The Institute @ CESA #1 was established to work with 45 member school districts on a unique regional approach to transform public education in Southeastern Wisconsin into a system that is student-centered and personalized for each learner.
Almost three years ago, a group of superintendents in CESA 1 (Southeaster Wisconsin) discussed the combination of tight money, schools being blamed for things out of their control, and accountability that didn’t seem to make a difference. They all agreed “there’s got to be a better way.”
Jim Rickabaugh explained, “It seems like we were dismantling the systems we were charged to protect and the children we were supposed to develop. We then started on a journey on what could be done with a system.”
Turning from victim to action – we have to save our system.
They did a lot of research and concluded:
- That the system we have educating our children is not designed to do what we need to do for our children. Our teachers are working harder than ever. It is a design problem.
- As tight as money seems, there is a lot of money, yet it is tied up in a system that does not allow for flexibility.
“We wrote a white paper that laid out the arguments that gave us hope how a system can be redesigned instead of reform work tweaking the old system. Our initial inclination that the cavalry was not going to save us. The states are so tied to national accountability programs.”
Excerpts adapted from the Institute @ CESA #1 blog:
When significant changes are made to learning and teaching, the roles of students and teachers change. Organizations feel pressure as new ways of learning “bump up” against existing structures such as schedule, calendar, student groupings or grading practices. Stakeholders involved in personalized learning clamor for the flexibility necessary to truly transform public education into a student-centered environment. Conversations about changing existing structures then begin to take place.

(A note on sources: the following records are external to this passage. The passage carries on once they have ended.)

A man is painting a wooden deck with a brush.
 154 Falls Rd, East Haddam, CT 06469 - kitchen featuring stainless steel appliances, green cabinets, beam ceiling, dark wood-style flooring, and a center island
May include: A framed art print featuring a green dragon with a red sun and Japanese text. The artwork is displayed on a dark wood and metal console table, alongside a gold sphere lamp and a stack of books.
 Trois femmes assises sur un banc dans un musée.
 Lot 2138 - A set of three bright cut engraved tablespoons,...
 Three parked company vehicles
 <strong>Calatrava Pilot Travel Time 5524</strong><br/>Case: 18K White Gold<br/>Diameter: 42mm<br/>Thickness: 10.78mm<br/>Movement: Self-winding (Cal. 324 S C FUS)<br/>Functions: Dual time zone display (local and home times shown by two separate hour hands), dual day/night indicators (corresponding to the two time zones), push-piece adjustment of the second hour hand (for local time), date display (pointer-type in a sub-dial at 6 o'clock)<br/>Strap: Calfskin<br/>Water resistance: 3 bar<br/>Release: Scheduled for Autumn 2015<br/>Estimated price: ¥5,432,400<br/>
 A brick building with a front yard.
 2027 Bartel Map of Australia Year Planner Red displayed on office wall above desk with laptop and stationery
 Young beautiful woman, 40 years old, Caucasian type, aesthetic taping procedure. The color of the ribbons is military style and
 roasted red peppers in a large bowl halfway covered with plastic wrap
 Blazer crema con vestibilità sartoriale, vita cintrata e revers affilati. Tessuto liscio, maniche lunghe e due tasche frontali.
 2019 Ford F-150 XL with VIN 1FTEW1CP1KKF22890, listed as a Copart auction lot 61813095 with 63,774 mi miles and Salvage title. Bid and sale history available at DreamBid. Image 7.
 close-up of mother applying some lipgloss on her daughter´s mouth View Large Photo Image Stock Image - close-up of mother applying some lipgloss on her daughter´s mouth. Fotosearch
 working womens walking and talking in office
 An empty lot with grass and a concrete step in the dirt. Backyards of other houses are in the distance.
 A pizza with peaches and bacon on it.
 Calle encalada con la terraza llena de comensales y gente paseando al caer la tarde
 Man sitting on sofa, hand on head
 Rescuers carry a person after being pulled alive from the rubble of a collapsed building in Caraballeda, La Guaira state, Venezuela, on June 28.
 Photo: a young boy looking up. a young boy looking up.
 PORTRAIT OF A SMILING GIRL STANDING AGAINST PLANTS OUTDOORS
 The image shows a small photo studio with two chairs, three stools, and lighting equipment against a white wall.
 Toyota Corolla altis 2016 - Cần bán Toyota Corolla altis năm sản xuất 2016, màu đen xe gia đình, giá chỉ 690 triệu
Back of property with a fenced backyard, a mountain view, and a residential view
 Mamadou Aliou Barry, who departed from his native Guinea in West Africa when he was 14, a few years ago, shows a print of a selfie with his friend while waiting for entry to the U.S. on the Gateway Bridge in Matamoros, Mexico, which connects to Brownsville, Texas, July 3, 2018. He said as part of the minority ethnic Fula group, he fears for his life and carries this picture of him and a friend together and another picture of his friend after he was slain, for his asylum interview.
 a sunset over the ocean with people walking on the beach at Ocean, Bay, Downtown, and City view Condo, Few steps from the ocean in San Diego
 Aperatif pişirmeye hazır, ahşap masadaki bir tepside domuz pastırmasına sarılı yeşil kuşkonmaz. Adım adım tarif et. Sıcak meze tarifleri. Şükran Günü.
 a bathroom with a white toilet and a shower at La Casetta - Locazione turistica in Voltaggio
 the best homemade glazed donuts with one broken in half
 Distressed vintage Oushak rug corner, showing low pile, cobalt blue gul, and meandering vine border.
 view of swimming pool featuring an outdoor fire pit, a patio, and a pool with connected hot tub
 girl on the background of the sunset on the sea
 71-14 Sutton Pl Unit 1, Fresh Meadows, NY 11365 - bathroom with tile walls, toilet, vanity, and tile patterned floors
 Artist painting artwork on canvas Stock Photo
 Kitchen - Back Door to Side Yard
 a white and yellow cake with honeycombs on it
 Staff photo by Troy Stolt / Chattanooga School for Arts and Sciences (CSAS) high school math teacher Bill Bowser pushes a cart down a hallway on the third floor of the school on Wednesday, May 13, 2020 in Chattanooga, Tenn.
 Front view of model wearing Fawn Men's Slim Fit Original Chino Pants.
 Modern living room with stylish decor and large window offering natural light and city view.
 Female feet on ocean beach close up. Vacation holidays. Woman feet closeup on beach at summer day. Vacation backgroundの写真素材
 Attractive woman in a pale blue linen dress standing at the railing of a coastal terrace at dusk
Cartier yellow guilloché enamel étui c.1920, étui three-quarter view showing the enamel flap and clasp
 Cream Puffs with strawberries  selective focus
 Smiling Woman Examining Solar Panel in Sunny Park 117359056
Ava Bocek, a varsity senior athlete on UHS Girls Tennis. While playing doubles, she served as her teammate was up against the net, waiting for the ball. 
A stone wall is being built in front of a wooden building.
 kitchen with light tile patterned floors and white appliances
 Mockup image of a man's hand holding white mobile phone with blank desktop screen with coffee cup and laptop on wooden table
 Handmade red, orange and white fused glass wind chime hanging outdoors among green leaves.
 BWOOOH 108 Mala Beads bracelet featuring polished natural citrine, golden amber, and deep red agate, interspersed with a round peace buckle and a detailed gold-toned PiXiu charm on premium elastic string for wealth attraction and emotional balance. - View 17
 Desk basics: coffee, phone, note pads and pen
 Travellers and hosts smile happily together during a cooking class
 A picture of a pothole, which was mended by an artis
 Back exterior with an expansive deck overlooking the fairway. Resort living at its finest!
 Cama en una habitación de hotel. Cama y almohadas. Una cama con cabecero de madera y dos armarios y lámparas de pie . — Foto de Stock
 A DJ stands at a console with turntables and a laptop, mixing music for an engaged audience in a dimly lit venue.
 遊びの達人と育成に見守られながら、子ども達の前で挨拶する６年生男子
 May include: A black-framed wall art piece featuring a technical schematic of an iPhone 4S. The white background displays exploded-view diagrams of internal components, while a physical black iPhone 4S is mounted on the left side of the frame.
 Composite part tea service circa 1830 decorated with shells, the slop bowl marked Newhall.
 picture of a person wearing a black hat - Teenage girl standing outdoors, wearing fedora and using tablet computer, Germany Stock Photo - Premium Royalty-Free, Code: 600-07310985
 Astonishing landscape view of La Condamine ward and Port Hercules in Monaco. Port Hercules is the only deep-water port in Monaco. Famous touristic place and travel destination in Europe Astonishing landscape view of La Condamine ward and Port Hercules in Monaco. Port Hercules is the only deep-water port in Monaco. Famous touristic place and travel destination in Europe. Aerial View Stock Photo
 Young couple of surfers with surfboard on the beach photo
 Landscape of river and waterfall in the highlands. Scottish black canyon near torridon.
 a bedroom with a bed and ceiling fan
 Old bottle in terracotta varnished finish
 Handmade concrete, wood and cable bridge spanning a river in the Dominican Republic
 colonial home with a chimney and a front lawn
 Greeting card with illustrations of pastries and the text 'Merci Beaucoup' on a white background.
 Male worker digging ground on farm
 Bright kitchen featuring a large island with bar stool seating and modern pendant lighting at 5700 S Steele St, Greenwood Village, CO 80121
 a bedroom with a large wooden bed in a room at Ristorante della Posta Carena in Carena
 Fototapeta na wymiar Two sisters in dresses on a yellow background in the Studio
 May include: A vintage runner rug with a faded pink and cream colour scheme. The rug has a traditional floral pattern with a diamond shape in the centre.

These conversations may be difficult because changes to the status quo can be uncomfortable for those involved. However, because the models of innovation were fully explored and tested in the first two phases of change, a solid foundation has been laid. Those involved understand that structural changes are necessary in order to make the vision of getting learning right for all students a reality.
Generally it is after structural issues have been addressed that policies are changed, since the strength and purpose of policy is to stabilize a system and practices. In this last phase we will see an innovative system, fully transformed. To help frame the work, the Institute has developed a change strategy to guide our districts as they participate in the Personalized Learning Initiative, based on our honeycomb model. This strategy is based on change in three areas: learning and teaching, relationships and roles; and structures and policies, to be addressed in three subsequent phases.
The model started with the honeycomb system with a variety of iterations where they invited small teams, designed seminars, and developed informal coaching with rubrics and tools to think about the work. There were 3 waves. Wave 1 started with 10 projects. Each group pulled pieces of the model together to take partial parts of the honeycomb. They are now on Wave 3.
They created a virtual conference center for districts to collaborate around similar work, on demand video or audio conferencing, collaborative work on documents, face-to-face opportunities, and hosted convenings all around Personalized Learning.
Thank you Jim Rickabaugh! We will be following you and looking forward to sharing the stories from your region and the Institute @ CESA #1.